Richard Ford Wins 2013 Andrew Carnegie Medal for Literary Excellence |
In fact, this time through, I went straight to the last line: "Would you think he was anybody like you?"
But before talking about why, I need to mention Alice Munro, who just won the 2013 Nobel Prize in Literature. This wonderful short story author says that she when she reads stories, she dips in and out, entering one way, leaving another, entering again. Originally, she explained this idea in an often-quoted essay: "A story is not like a road to follow … it’s more like a house. You go inside and stay there for a while, wandering back and forth and settling where you like and discovering how the room and corridors relate to each other, how the world outside is altered by being viewed from these windows. And you, the visitor, the reader, are altered as well by being in this enclosed space, whether it is ample and easy or full of crooked turns, or sparsely or opulently furnished. You can go back again and again, and the house, the story, always contains more than you saw the last time.
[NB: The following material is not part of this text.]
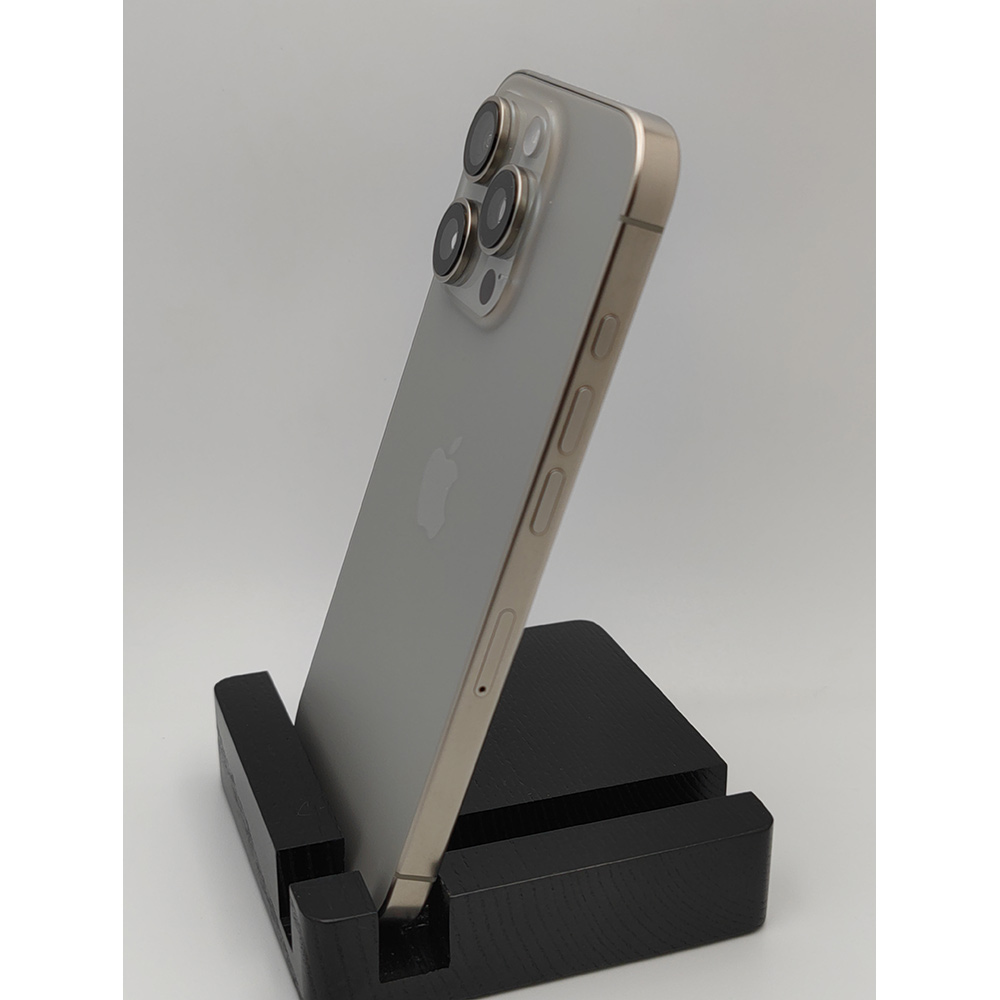 Внешний вид Б/у APPLE iPhone 16 Pro 128Gb Natural Titanium FYOOCHA (USED, Grade A)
It also has a sturdy sense of itself of being built out of its own necessity, not just to shelter or beguile you."
When Munro won the Nobel Prize in Literature, Richard Ford was quoted as saying, "I’m absolutely ecstatic that Alice won; nobody should win if she doesn’t."
Back to Munro's ideas on reading. In an interview with the Atlantic Monthly, she expanded on her idea of the short story as a house: "I thought about the way that I read, which, as I said in that essay is going into the story anywhere. I can tell in a couple of sentences how I feel about a story. Then, I go on reading, and I read frontwards, backwards, all over. It is just like being enclosed in the story and seeing things outside the story in a different way—through the windows of that house. And it's not at all like following a path to see what happens. Quite often, I know what happens as soon as I start reading it. Maybe not the twists the plot will take, but the real story."
Wherever you first started reading "Rock Springs," what happened? Did you feel anything? Did you notice that someone was going on a journey? Did you notice that the first person point of view forced you to identify with a narrator who is, I'll wager, nothing like you? By the end, did you, in Munro's words, see "how the world outside is altered by being viewed from these windows"? And did "you, the visitor, the reader," become "altered as well by being in this enclosed space"?
There is something that can't be understood about the real story until you get to the change in point of view at the end. When Earl addresses us, the reader, I hear the real challenge: Can we identify and empathize with others' pain? How much can we understand about ourselves by reading fiction? How much can we be altered by writing, reading, and thinking about stories?
Typically, magicians don't ask us to empathize, not really. They want us to marvel, to be amazed. Ford reminds me that literary art is an old, deep magic that goes so much further than what most of us can manage, almost like what might resurrect us from the dead. And by dead I mean stunned, stuck, immobile, pitiless, merciless. Not to go all Aslan on you, but I think that experiencing a new point of view can bring us back to life.